The U.S. industrial real estate market set new records across multiple key performance indicators, according to Transwestern’s third-quarter U.S. Industrial Market report.
Over 540 million square feet of net absorption was reported over the last four quarters, making it the first time in history that occupancy has increased by more than 500 million square feet year-over-year.
The third quarter posted net absorption numbers exceeding 158.8 million square feet, the largest quarterly increase since 2008, while asking rents ticked up to $7.11 per square foot (also a new high), according to Transwestern Real Estate Services. More than one-third of the 44 markets Transwestern tracks reported double-digit percentage growth year over year.
“We expect continued elevated net absorption, as pre-leased construction projects are delivered to the market,” said Matthew Dolly, research director at Transwestern. “Further, the boost in rents is making redevelopment opportunities more feasible, which will benefit both core and expanding markets such as Savannah (Georgia), Austin (Texas) and Pennsylvania’s Lehigh Valley.”
Currently, there are 636.6 million square feet of industrial space under construction nationally, nearly double the volume five years ago. Approximately 27% of this space is concentrated in six markets: Dallas, Phoenix, Atlanta, the Inland Empire in Southern California, Chicago and Philadelphia. When measured as a percentage of existing stock, the construction pipeline signals future expansion heavily concentrated in the Sun Belt.
Continuing the downward trend of the prior three periods, the national vacancy rate dropped to 4.7% in the third quarter. New Jersey, as well as the Inland Empire, Los Angeles and Orange County — markets situated near the country’s largest ports — posted vacancy below 3%, underscoring the need for creative property strategies for both owners and users of industrial space.
“The fourth quarter will further test the resiliency of the industrial sector, as ongoing supply chain issues will be exasperated during what is anticipated to be a strong holiday spending season, and could slow new and in-progress industrial projects,” Dolly said. “It is likely that e-commerce activity will only intensify over the coming quarters, increasing the attractiveness of properties in regions that have traditionally been considered secondary industrial markets.”
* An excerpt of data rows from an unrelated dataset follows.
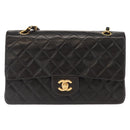 CHANEL Matelasse 25 Double Flap Chain Shoulder Bag Lamb Skin Gold CC Auth ka720SV-2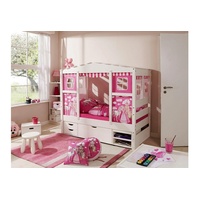 TICAA Hausbett Lio 80 x 160 cm inkl. 3 Funktionsschubkästen, Matratze und Rollrost Kiefer massiv weiß horse-pink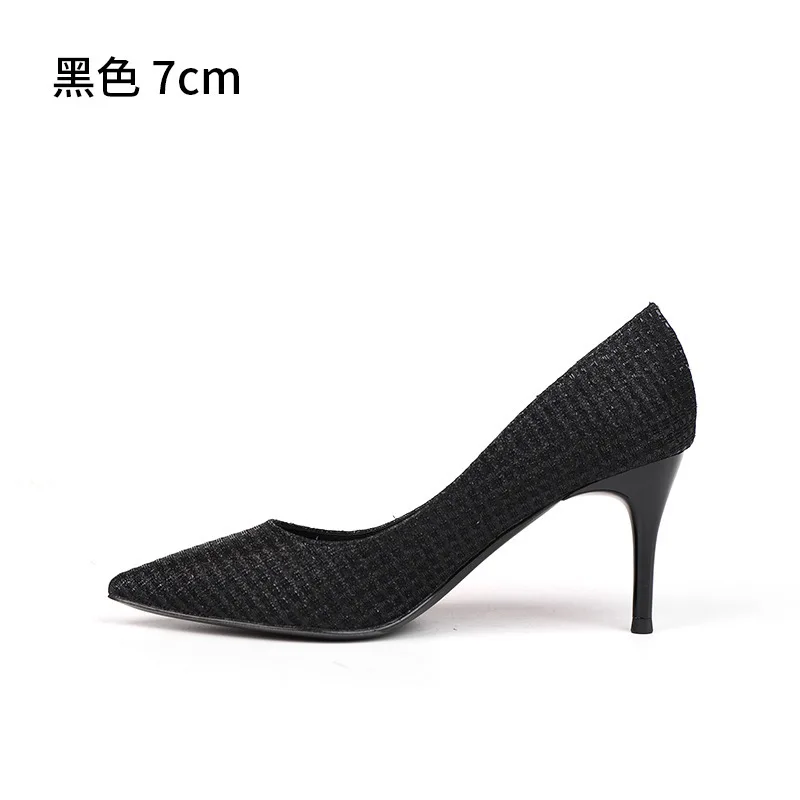 

All-match Fine heel 10cm Sexy Black Nightclub Single Exceed High-heeled Shoes Woman 2019 Shoe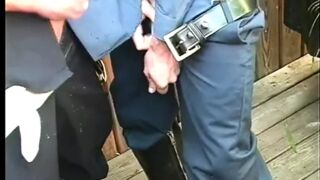 Big dick cops suck and lick each other off at outdoors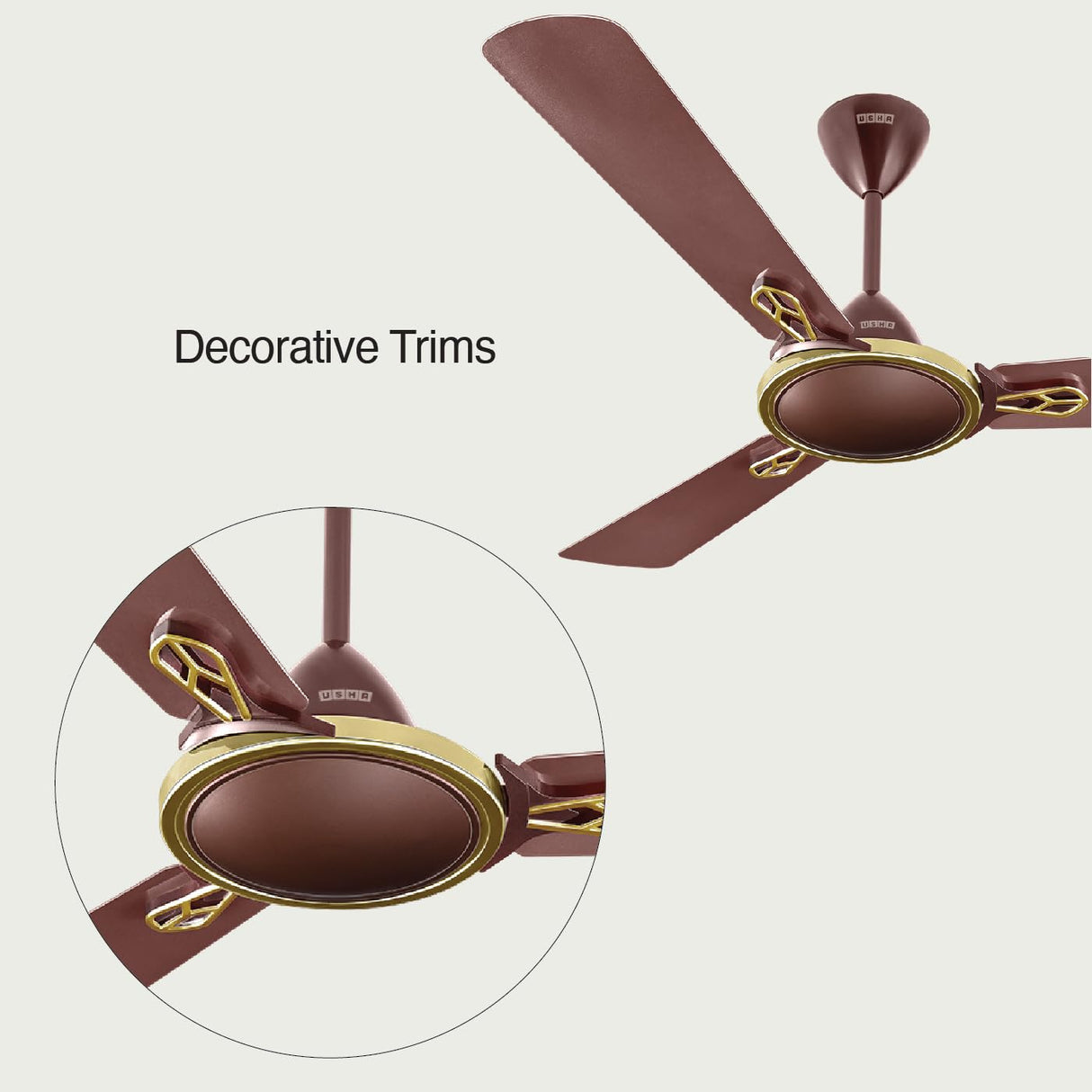 USHA Striker Neo 1200mm Energy Saving High Speed Decorative Ceiling Fan (Cocoa Bean)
New Jersey ranked in the Top 10 in five of the six market fundamentals in the report:
- 4th-lowest overall vacancy rate: 2.7%, a historical low for New Jersey;
- 6th-highest year-over-year rent growth: 17.2%, shattering the previous level of 15.4% set in Q2 2017;
- 7th-most Q3 net absorption: 6.5 million square feet, setting a record for an individual quarter;
- 7th-most trailing four-quarter net absorption: 16.5 million square feet, most since Q4 2018;
- 7th-most industrial product under construction: 95% of the new product delivered to the New Jersey market through the first three quarters of 2021 is leased.